Genetic and environmental risks for autism
Environmental factors, including gestational exposure to pyrethroid pesticides and valproic acid, are implicated in risk for autism. However, these environmental risks were identified retrospectively, after a large number of people were exposed. We currently lack a way to systematically evaluate which environmental-use chemicals have the greatest potential to harm the developing brain. Our research program is guided by the hypothesis that “candidate” environmental risks for autism and other neurodevelopmental disorders can be identified rationally, by identifying chemicals and mixtures that target molecular pathways implicated in these disorders. Our long term goals are to 1) identify environmental-use chemicals and mixtures that target molecular pathways implicated in neurodevelopmental disorders. These studies will utilize primary human neural progenitor cells (phNPCs), primary neurons, and endpoints that are compatible with high-throughput screening. 2) Assess real world exposure to these chemicals/mixtures. If environmental sampling and biomonitoring data are not available for these chemicals/mixtures, we will work with a network of Environmental Health Science (EHS) researchers to collect these data. 3) Evaluate exposure risk in vivo using wild-type and CRISPR/Cas9-engineered mice that model human de novo autism-linked mutations.

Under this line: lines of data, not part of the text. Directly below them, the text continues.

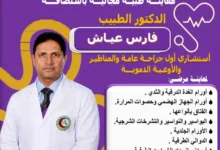 Img 20260908 Wa0686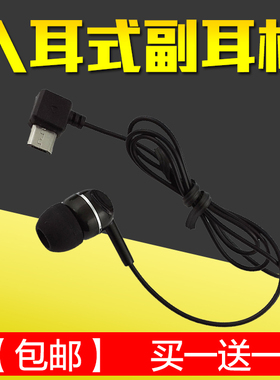 蓝牙耳机副耳机线microUSB接口蓝牙耳机配件副线付耳机入耳式通用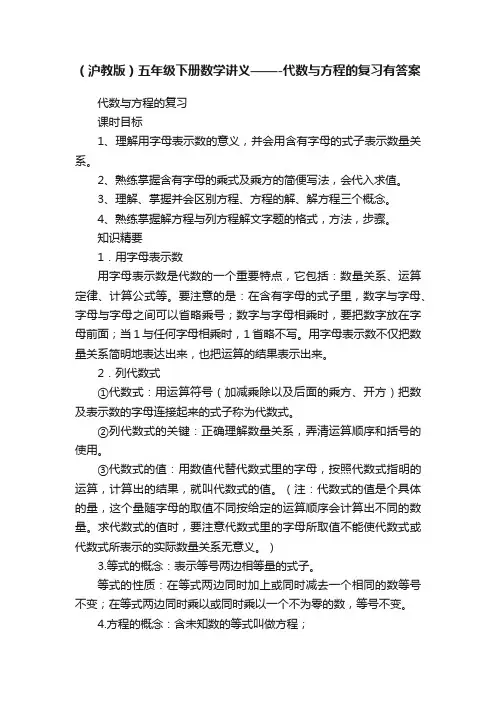 （沪教版）五年级下册数学讲义——-代数与方程的复习有答案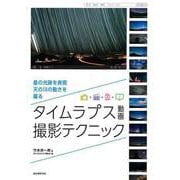 【バーゲンブック】タイムラプス動画撮影テクニック-星の光跡を表現、天の川の動きを撮る [単行本]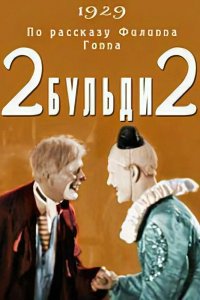  Два-Бульди-два (1929) 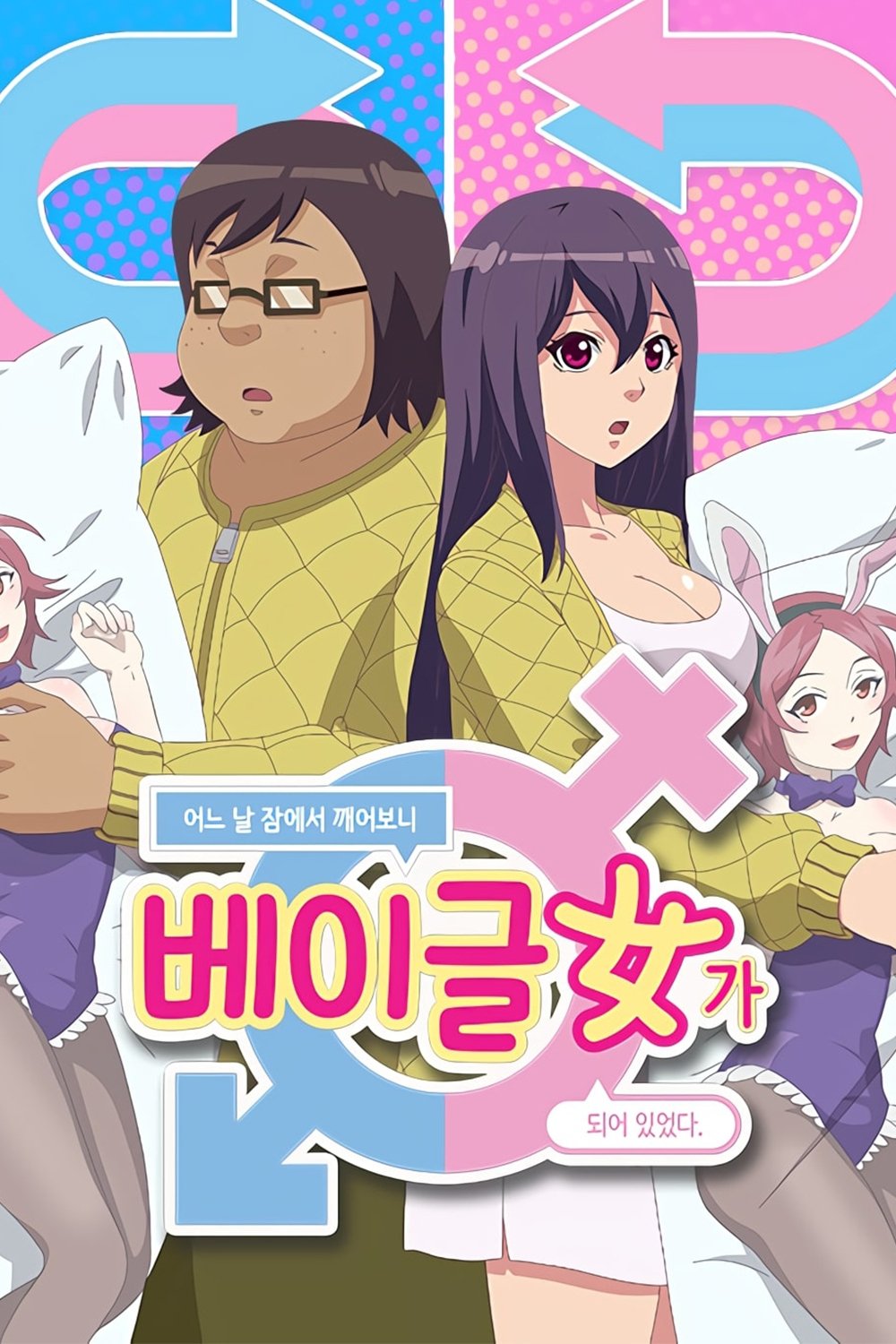 Poster de Bagel Girl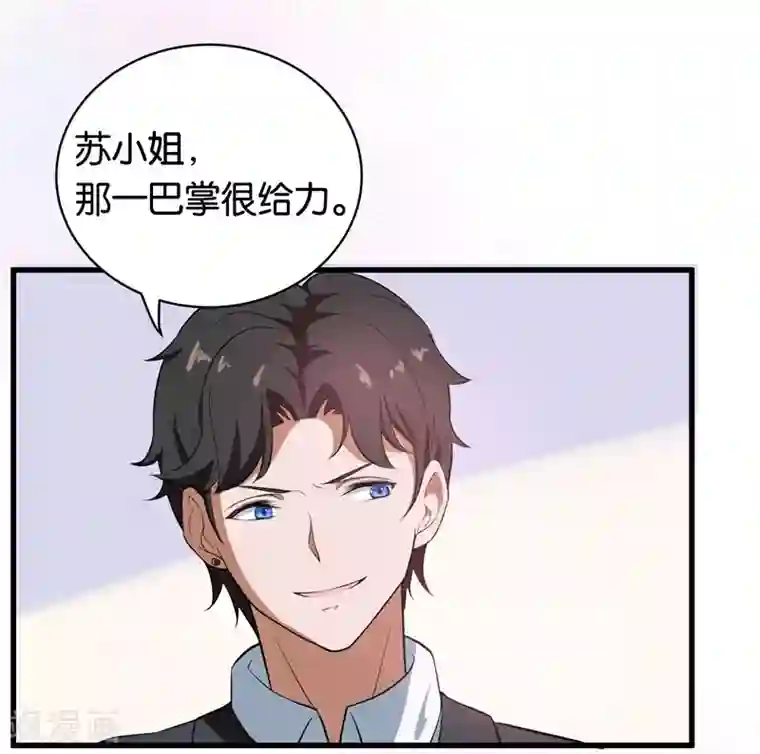 先婚后爱第2话 克星是总裁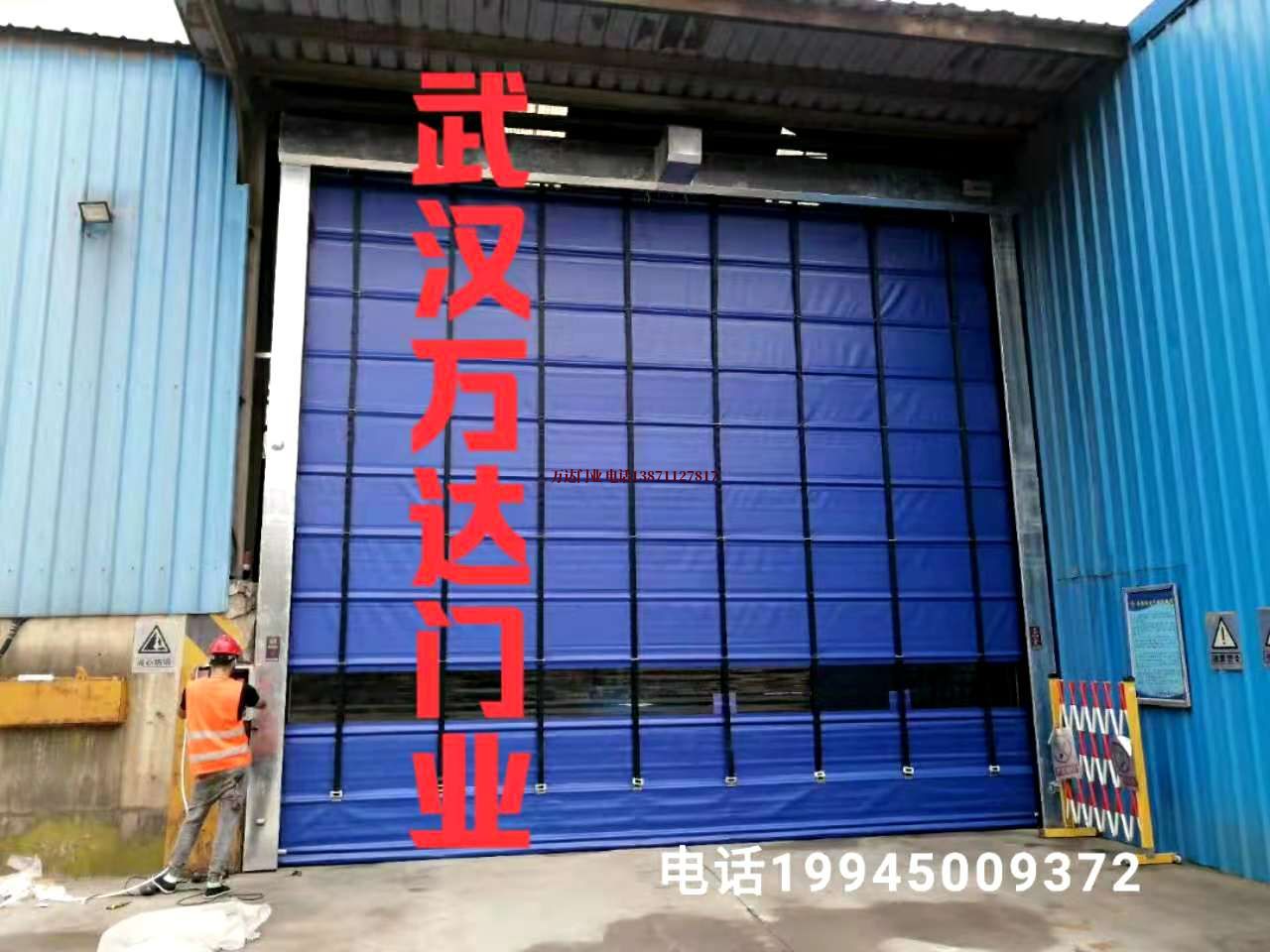 彝良快速卷帘门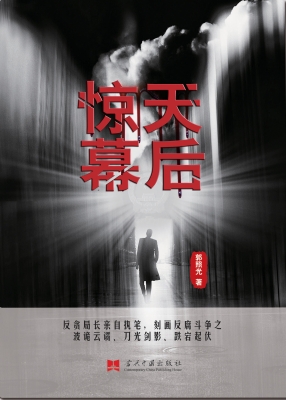 惊天幕后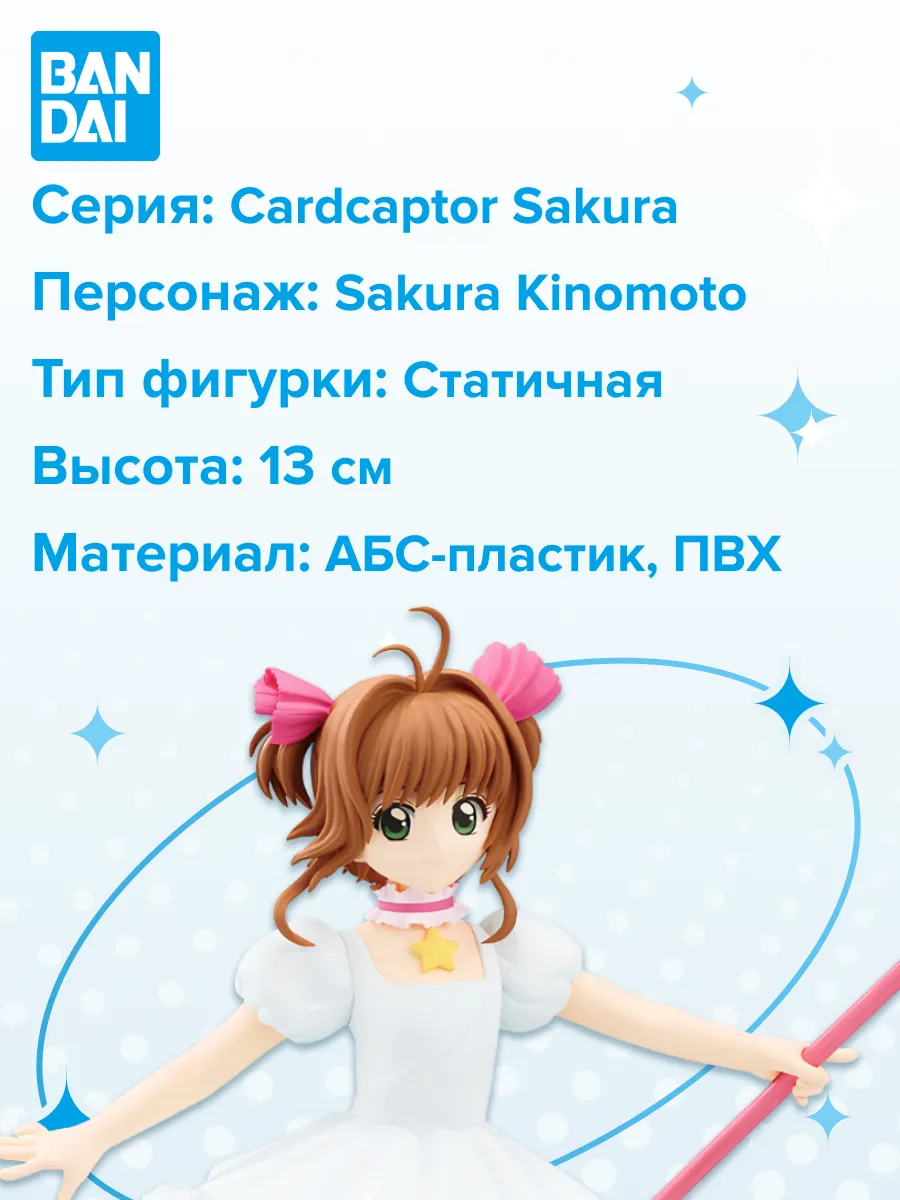 Фигурка аниме Сакура Собирательница Карт Сакура Киномото 13с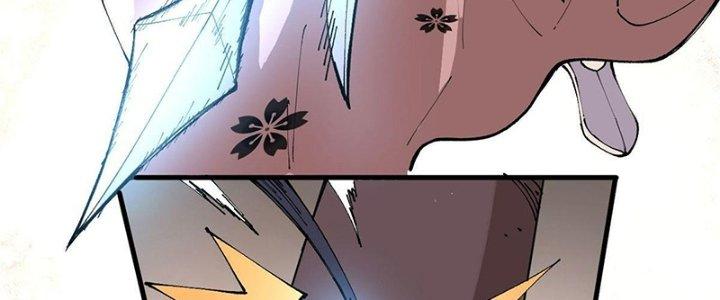 Người Chơi Hung Mãnh Chapter 16 - Trang 2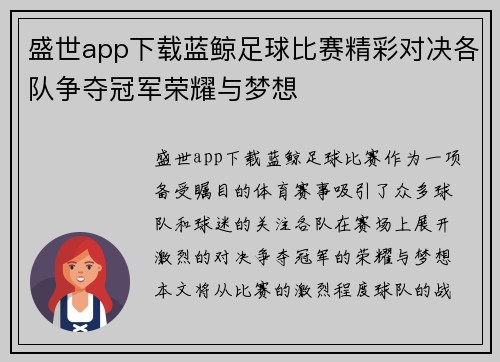 盛世app下载蓝鲸足球比赛精彩对决各队争夺冠军荣耀与梦想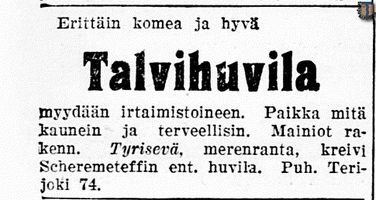 продажа виллы Шереметева 1925 г.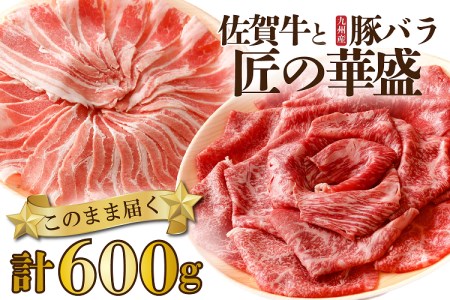 FM016_佐賀牛華盛と九州産豚バラしゃぶ　2の重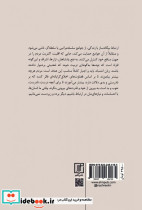 ارتباط بدون خشونت - تصویر 2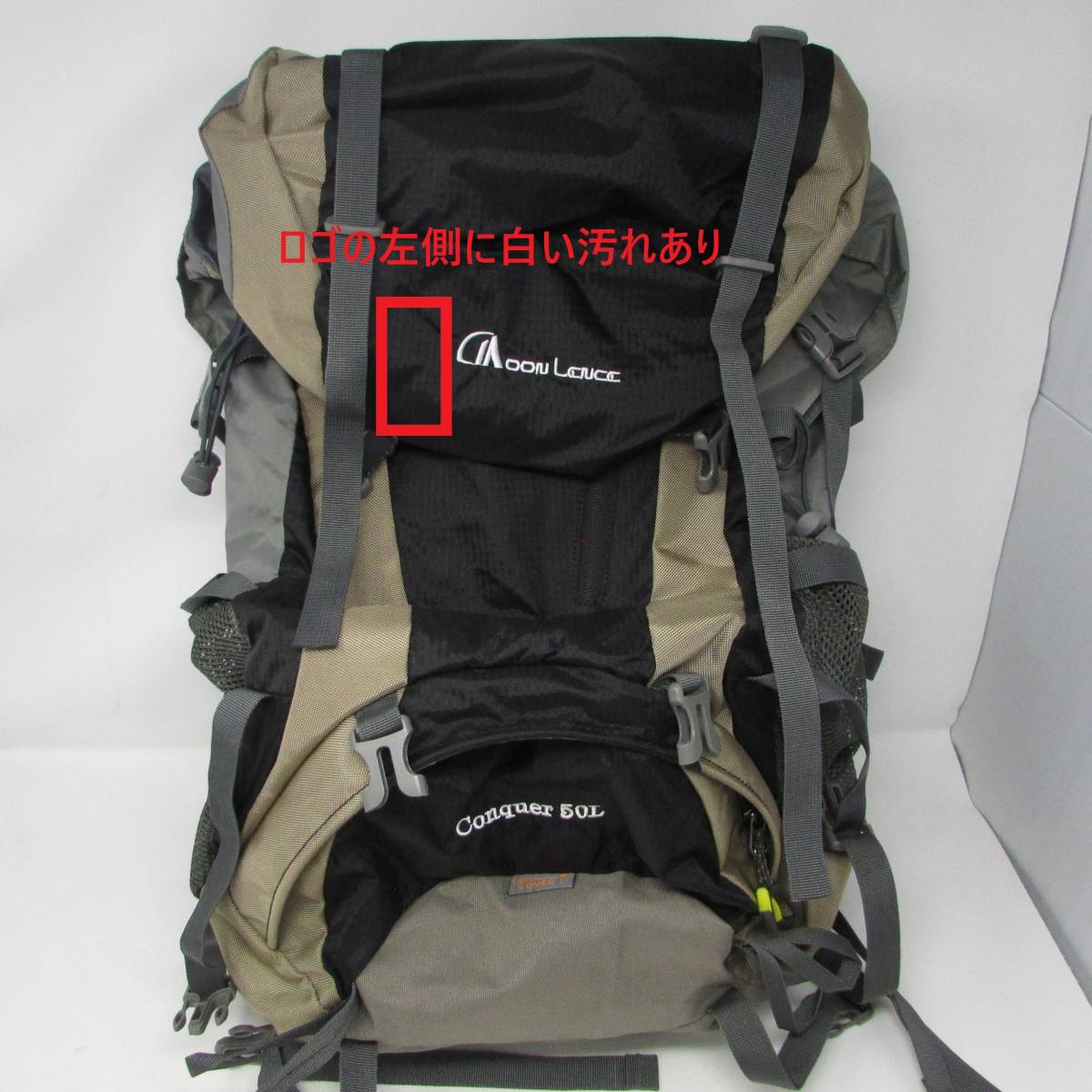 84-00010 【ジャンク品】 MoonLence 登山リュックサック メンズ ベージュ・グレー・ブラック_画像1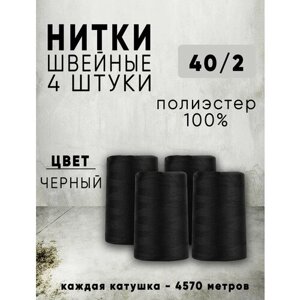 Нитки для шитья 40/2 универсальные, цвет Черный, 4 катушки по 4570м, промышленные, для оверлока в Москве от компании М.Видео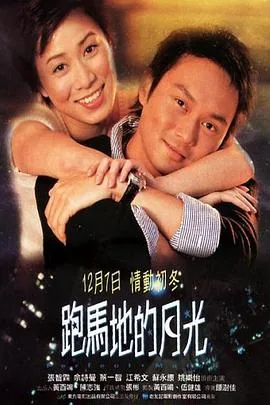 跑马地的月光国语电影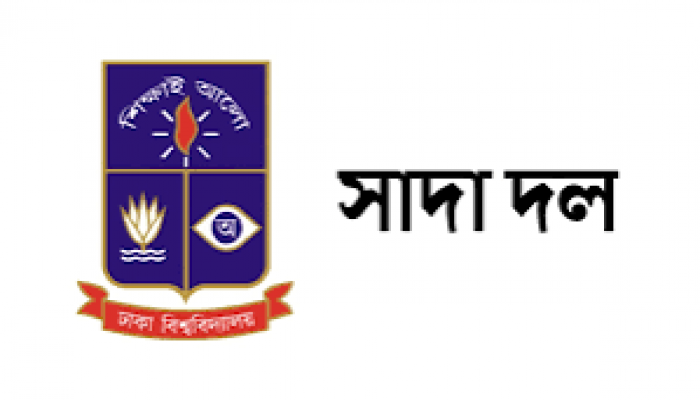 সাম্য মারা যায়নি, তাকে হত্যা করা হয়েছে : সাদা দল সাম্য মারা যায়নি, তাকে হত্যা করা হয়েছে : সাদা দল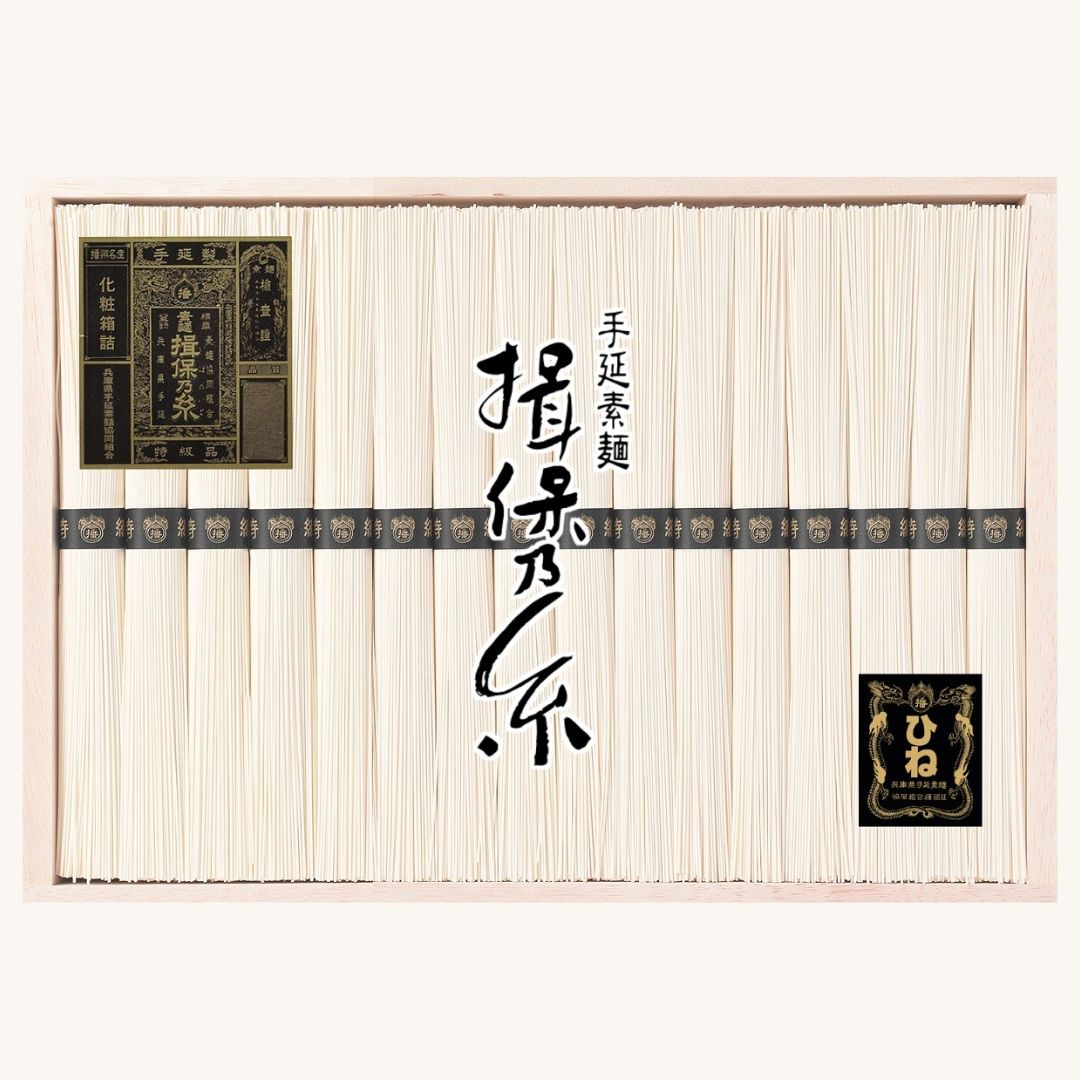 手延素麺 揖保乃糸 ひね特級品 50g×16束 SD-30N(木箱入り)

CRISPR/Cas gene therapy for Angelman Syndrome
Angelman syndrome (AS) is a severe neurodevelopmental disorder caused by deletion or mutation of the maternal allele of UBE3A. UBE3A is biallelically expressed in nearly all cells of the body except in mature neurons, where the paternal allele is silenced by an extremely long non-coding RNA called UBE3A-ATS. In light of this biology, the most direct way to treat behavioral dysfunctions associated with AS is to unsilence the intact paternal UBE3A allele. We are evaluating the extent to which CNS-directed delivery of Cas9 and a gRNA that targets Ube3a-ATS can enduringly unsilence paternal UBE3A and treat behavioral phenotypes associated with Angelman syndrome. We are using adeno-associated virus (AAV) for delivery because it can drive gene expression for years in the brain. This research has the potential to advance a breakthrough first-in-class treatment for a pediatric-onset autism spectrum disorder.
Automated measurement of spontaneous pain in mice from facial expressions
Opioid analgesics are commonly used to treat pain but have serious side effects, including addiction, dependence, and death from overdose. The Mouse Grimace Scale (MGS) was developed to quantify characteristic facial expressions associated with spontaneous pain. The MGS is reproducible across labs and was used to evaluate the efficacy of analgesics. However, the MGS has not been widely adopted due to its high resource demands and low throughput. To overcome this limitation, we adapted a machine learning model to classify the presence or absence of pain from mouse facial expressions. We called this model the automated Mouse Grimace Scale (aMGS). However, our original “aMGS 1.0” is limited in several respects. We are working to overcome all of these limitations by developing a more sophisticated version of our automated pain classifier (aMGS 2.0). The machine learning algorithm and associated platform will include a cloud-based data repository and analytic tools to facilitate curation of public data, continuous improvement of the model over time, and integration of new analytic tools.